Data scales in applied statistics – are nominal data poor in information?

An earlier blog post by Jennifer Edmond on „Voluptuousness: The Fourth „V“ of Big Data?” focused on cultural data steeped in meaning; proverbs, haikus or poetic language are amongst the best examples for this kind of data.

But computers are not (yet) good in understanding human languages. Nor is statistics – it simply conceives of words as nominal variables. Quite in contrast to an understanding of cultural data as described by Jennifer Edmond, applied statistics regards nominal variables as the ones with the LEAST density in information. This becomes obvious when these data are classified amongst other variables in scales of measurement. The scale (or level) of measurement refers to assigning numbers to a characteristic according to a defined rule. The particular scale of measurement a researcher uses will determine what type of statistical procedures (or algorithms) are appropriate. It is important to understand the nominal, ordinal, interval, and ratio scales; for a short introduction into the terminology, follow this link.
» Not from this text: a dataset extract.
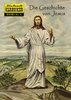 HC - Illustrierte Klassiker Extra 3 - Die Geschichte von Jesus - BSV NEU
Seen in this context, nominal variables belong to qualitative data and are classified into distinctively different categories; in comparison to ordinal variables, these categories cannot be quantified or even ranked. The functions of the different scales are shown in the following graph:



Here it becomes visible that words are classified as nominal variables; they belong to some distinctively different categories, but those categories cannot be quantified or even be ranked; there is no meaningful order in choice.
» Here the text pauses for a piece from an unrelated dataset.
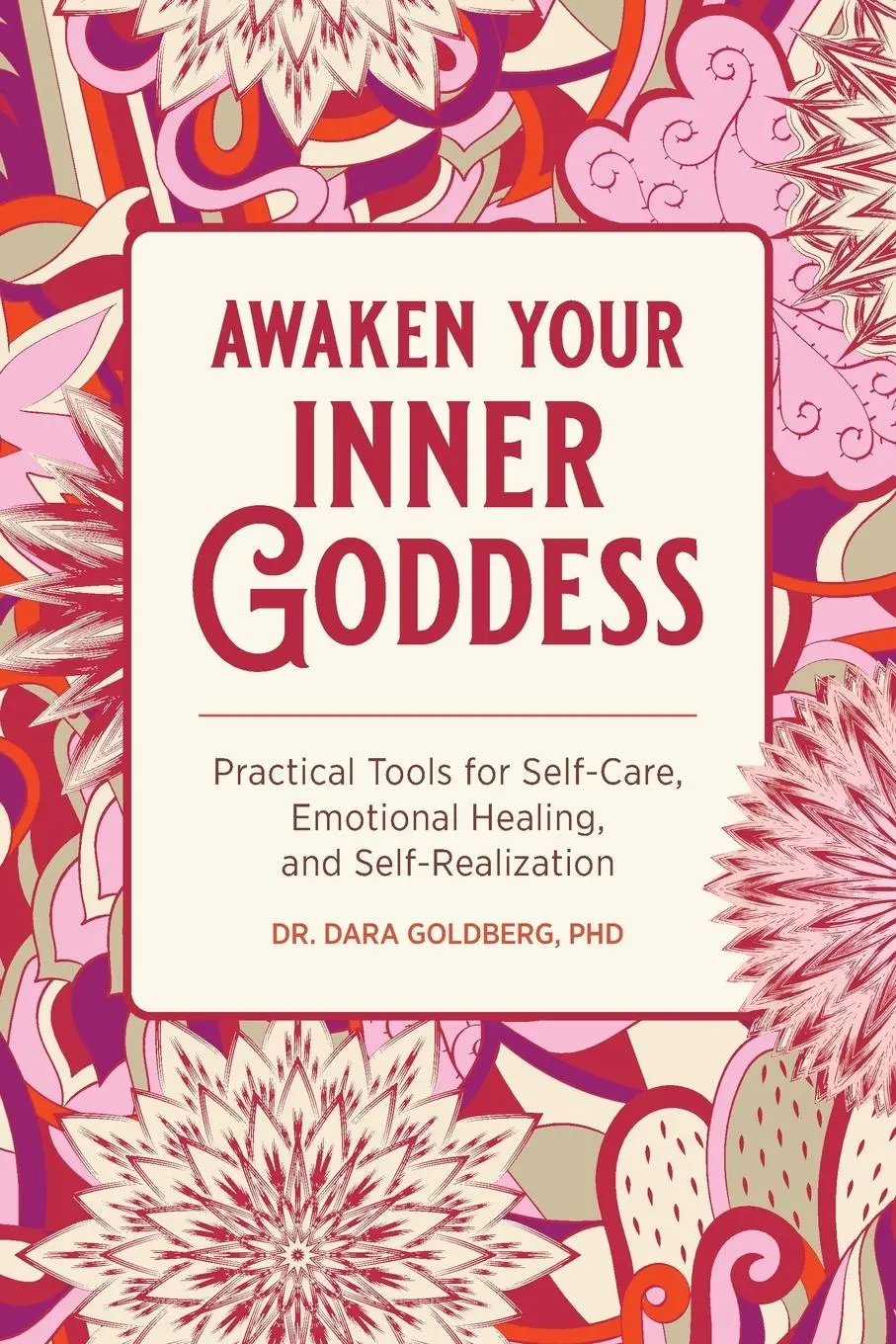 Cover: 9781647391140 | Awaken Your Inner Goddess | Dara Goldberg | Taschenbuch | Englisch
This has the consequence that in order to be able to compute with words, numeric values are being attributed to them. E.g. in Sentiment Analysis, the word “good” can receive the value +1, while the word “bad” will receive a -1. Now they have become computable; words are thus transformed into values, and it is exactly this process which reduces their “voluptuousness” and robs them of their polysemy; just binary values remain.
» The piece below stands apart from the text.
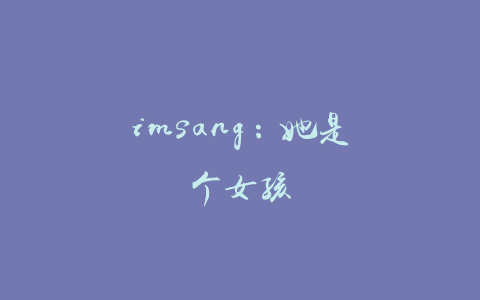 imsang：她是个女孩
To my knowledge, the most significant endeavor to provide for a more complex measurement of linguistic data has been undertaken in the field of psychology: In their book “The Measurement of Meaning”, Charles E. Osgood, George J. Suci, and Percy H. Tannenbaum developed the “semantic differential” as a scale used for measuring the meaning of things and concepts in a multitude of dimensions (see for a contemporary approach f.ex. But imagine each word of a single language measured – with all its connotations and denotations, each in its different functions, in the context of the other words around it … not to speak of figurative language such as metaphors, irony, and sarcasm.

This is why words – and cultural, voluptuous data in a broader sense – are so difficult to compute; and why they are the next big computational challenge.